Gewohnt großzügig erwiesen sich die Mitglieder des Haupt-, Personal- und Kulturausschusses gegenüber dem Salesianer-Orden. Das Gremium stimmte der Übernahme eines Defizites für den Betrieb der Jugendherberge in einer Größenordnung von maximal 12 000 Euro zu. Gebeten hatte die Provinzialverwaltung der Salesianer um 13 000 Euro. Die Betriebskostenabrechnung, aus der die Zahlen hervorgehen, hatten die Ordensvertreter der Stadtverwaltung vorgelegt.

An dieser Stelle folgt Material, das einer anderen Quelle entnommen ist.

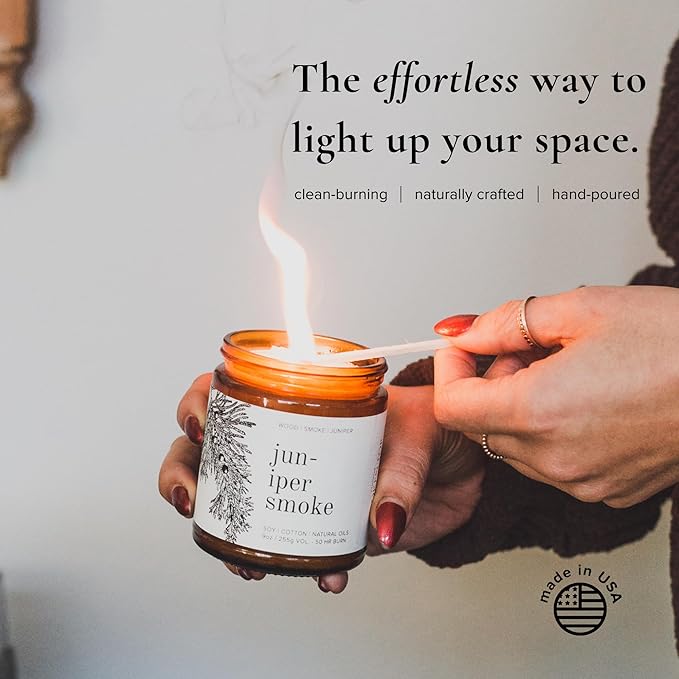 Broken Top Juniper Smoke Pure Soy Candle | 9 oz. | Wood, Smoke & Juniper 50-Hour Burn Time. Natural Cotton Wick, Vegan, No Parabens, No Phthalates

"Alle Jahre wieder", kommentierte Udo Schönfelder (CSU) dieses Prozedere. Gegen die Übernahme der Kosten sei nichts einzuwenden, schließlich habe auch die Stadt einen Vorteil von der Jugendherberge. Dennoch bat der Fraktionschef darum, einen Überblick über Nutzung und Auslastung der Einrichtung zu bekommen - eine Bitte, der sich Heinz Endres (FBF) anschloss.


Stadt in der Pflicht

Unklarheit herrschte zunächst darüber, ob in der Abrechnung über die Jugendherberge auch die Unterbringung der Blockschüler einfließe. Das sei unerheblich, meinte Edith Fießer (FGL). "Wir sollten froh sein, dass die Berufsschüler dort untergebracht werden können", sagte sie. Reinhold Otzelberger (SPD) erinnerte daran, dass die Tage der Unterbringung von Auszubildenden im Jugendwohnheim Don Bosco gezählt seien. "Wir müssen damit rechnen, dass auch der Betrieb der Jugendherberge nur noch zeitlich begrenzt möglich ist", erinnerte Otzelberger.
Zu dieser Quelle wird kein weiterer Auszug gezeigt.